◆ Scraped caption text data

Start of Block

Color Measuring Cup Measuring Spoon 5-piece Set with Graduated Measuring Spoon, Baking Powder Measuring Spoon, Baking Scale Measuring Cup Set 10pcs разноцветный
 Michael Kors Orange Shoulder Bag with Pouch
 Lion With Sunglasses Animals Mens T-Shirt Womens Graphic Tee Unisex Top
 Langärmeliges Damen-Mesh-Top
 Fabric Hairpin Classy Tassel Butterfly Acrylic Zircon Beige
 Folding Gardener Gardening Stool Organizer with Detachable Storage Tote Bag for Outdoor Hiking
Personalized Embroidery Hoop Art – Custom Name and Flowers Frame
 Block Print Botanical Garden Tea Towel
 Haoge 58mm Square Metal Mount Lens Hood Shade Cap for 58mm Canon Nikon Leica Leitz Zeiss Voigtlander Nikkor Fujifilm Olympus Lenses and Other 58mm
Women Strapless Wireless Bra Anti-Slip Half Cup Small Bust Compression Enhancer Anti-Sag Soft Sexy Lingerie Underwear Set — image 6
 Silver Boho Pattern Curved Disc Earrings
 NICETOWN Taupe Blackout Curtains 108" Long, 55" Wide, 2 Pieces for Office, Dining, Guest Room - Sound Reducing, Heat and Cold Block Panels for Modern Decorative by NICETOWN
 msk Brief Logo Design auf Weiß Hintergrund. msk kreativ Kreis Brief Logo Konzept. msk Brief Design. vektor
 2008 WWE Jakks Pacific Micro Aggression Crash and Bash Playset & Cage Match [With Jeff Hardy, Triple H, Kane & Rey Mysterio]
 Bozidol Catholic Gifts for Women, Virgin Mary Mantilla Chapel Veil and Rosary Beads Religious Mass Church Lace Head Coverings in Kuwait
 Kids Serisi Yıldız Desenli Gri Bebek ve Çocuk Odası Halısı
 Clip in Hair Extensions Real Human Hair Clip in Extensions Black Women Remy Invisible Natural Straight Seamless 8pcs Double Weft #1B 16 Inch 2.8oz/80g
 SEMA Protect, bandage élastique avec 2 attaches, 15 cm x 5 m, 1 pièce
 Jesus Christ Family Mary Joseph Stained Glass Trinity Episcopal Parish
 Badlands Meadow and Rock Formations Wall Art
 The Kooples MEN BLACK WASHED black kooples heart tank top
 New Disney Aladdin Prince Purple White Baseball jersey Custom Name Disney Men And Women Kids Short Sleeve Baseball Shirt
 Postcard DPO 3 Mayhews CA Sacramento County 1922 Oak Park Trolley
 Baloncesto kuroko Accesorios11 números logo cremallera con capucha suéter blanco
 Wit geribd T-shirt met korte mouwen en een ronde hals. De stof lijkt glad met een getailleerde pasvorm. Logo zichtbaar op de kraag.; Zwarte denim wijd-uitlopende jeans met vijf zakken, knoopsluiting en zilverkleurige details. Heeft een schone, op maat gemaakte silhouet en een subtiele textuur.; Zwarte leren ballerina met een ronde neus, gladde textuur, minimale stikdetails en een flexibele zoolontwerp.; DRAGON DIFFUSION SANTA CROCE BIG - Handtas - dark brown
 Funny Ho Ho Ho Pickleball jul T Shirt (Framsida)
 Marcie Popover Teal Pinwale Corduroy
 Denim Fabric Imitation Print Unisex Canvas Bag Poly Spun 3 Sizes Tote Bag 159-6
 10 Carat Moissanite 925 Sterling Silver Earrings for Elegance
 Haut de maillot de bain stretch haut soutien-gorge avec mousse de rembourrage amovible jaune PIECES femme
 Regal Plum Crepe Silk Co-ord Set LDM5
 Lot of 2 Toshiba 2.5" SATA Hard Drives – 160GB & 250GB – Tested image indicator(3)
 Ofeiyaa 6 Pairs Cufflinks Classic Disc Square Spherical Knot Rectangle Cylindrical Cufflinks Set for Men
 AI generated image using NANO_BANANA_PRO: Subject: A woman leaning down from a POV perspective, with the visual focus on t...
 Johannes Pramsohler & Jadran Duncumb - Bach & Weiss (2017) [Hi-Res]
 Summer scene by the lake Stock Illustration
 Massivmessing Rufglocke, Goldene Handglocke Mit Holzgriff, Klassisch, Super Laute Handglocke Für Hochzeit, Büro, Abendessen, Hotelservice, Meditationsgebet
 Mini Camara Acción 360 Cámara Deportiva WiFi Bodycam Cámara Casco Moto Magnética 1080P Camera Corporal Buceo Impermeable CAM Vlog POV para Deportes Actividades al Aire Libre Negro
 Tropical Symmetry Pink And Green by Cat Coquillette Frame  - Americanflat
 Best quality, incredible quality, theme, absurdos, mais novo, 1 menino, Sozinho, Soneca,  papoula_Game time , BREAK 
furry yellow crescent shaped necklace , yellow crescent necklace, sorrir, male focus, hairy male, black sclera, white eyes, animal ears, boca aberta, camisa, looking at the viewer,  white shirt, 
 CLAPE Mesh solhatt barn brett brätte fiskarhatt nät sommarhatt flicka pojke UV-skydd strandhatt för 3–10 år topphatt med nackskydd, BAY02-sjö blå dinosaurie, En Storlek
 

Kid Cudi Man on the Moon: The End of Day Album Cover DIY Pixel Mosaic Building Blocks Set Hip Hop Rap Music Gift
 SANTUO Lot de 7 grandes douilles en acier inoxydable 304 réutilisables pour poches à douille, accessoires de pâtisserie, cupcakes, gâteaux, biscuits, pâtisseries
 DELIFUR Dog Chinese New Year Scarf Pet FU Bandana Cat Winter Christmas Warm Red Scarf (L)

End of Block

◆ PROBLEM
Using the data above, transcribe the lines that run from the line with "Kids Serisi Yıldız" to the line with "Baloncesto kuroko Accesorios11", both ends kept, and output nothing else.

◆ PROBLEM SOLUTION
 Kids Serisi Yıldız Desenli Gri Bebek ve Çocuk Odası Halısı
 Clip in Hair Extensions Real Human Hair Clip in Extensions Black Women Remy Invisible Natural Straight Seamless 8pcs Double Weft #1B 16 Inch 2.8oz/80g
 SEMA Protect, bandage élastique avec 2 attaches, 15 cm x 5 m, 1 pièce
 Jesus Christ Family Mary Joseph Stained Glass Trinity Episcopal Parish
 Badlands Meadow and Rock Formations Wall Art
 The Kooples MEN BLACK WASHED black kooples heart tank top
 New Disney Aladdin Prince Purple White Baseball jersey Custom Name Disney Men And Women Kids Short Sleeve Baseball Shirt
 Postcard DPO 3 Mayhews CA Sacramento County 1922 Oak Park Trolley
 Baloncesto kuroko Accesorios11 números logo cremallera con capucha suéter blanco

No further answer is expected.